Here are some of the sounds I hear from my apartment:
Women pounding their clothes, washing them in the watering hole in front of my apartment. They use a flat wooden paddle, that looks like a weapon. The pounding isn’t a continuous rhythm. Just 5-8 beats, a pause to dip the clothes in the water, turn them or examine them, then a few more beats. Sometimes I hear a couple women pounding in alternating beats, like the “I’ve been working on the railroad” style. Then, it’s the voices of the women. Elderly Korean women are known as being strong, and pretty pushy. So their voices often sound like they’re giving each other a piece of their mind, but I can’t really tell.
The washing pounding sounds a lot like the pounding that Buddhist monks do, as part of their rituals. Out walking, you can tell you’re near a temple, when you hear a sharper sound than the washing pounding. The monk taps on a hollowed gourd, with a rhythm unidentifiable to me, but not Western 4/4 time. On a Sunday morning, a few neighbor ladies were chanting, beating the gourd, and holding what seemed to be an impromptu Buddhist ceremony in the shade of the garden shed, looking out to the garden adjacent to my apartment building.
There’s another sound that I hear often. When I first hear it, it always remind me of the “Call to Prayer” that I first heard regularly in Niger. It was so hot, we slept outside on the patio, and at 5am, the neighborhood mosque’s Iman would come over the loud speakers posted throughout the neighborhood.
So, when I hear the trucks rolling through my neighborhood with their loudspeaker announcements going, it sounds like the same rhythm. But, I realized, with an entirely different purpose. The announcements are usually recorded (poorly), so you will see a man driving a truck, and hear the recording of his voice maybe?, again and again. He is selling produce or fish. The call sounds like umdumdadumbadadidum, kamsamnida. (Selling something, thanks!)
I’ve heard some trucks are selling dogs for meat, but haven’t seen this myself. I have heard the barking from a few dog farms, when out walking in the hills. People enjoy dog soup here. I’m a speciesist. I can’t even enjoy lamb because of the cuteness factor of the live animal, I guess. I have no desire to try dog soup.

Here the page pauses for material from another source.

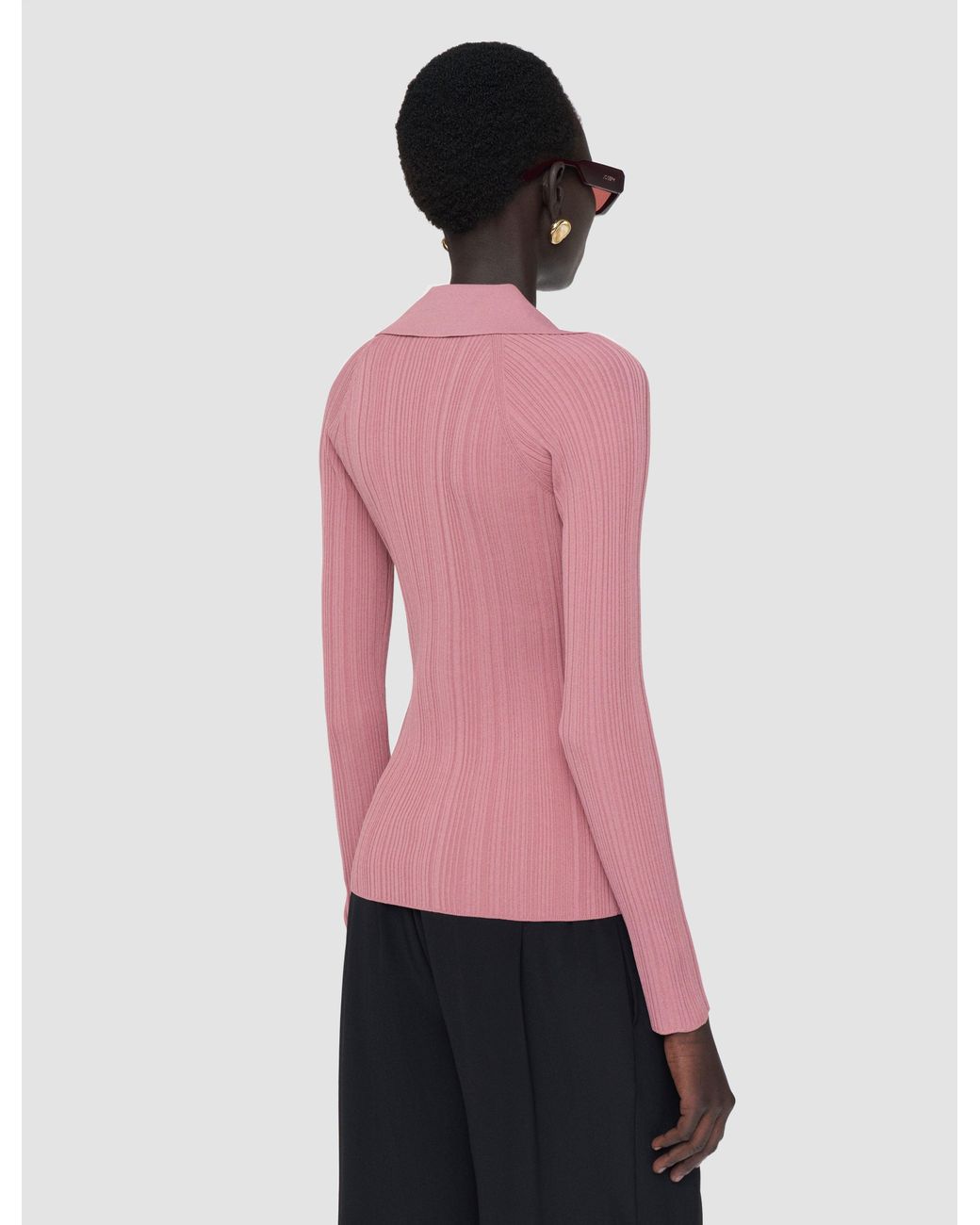 Joseph Pink Chelia Plissé Knit Top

Changing the subject, the other sounds are often the wind and rain. Island weather, I guess. Though, I’m next to the water, it’s rare to hear the waves crashing. Samyang Beach is on the side of the island facing mainland Korea so there aren’t big waves here.
I do hear a big ship blowing it’s horn once in awhile, and I wonder, is that a real means of communication these days? What does it mean? “Hey, I’m a really big ship and I’ll be there in an hour.” I hope there’s a more sophisticated communication scheme behind that horn blast.
Crickets and locusts are also pretty constant, at least at this time of year. And it’s pretty common to get a cricket in my apartment. My own personal Jimminy Cricket.
The most striking sound is what’s not heard. There is no background traffic noise here. I’ll hear a car or truck drive by, or several, but there’s no traffic hum. That part is really lovely!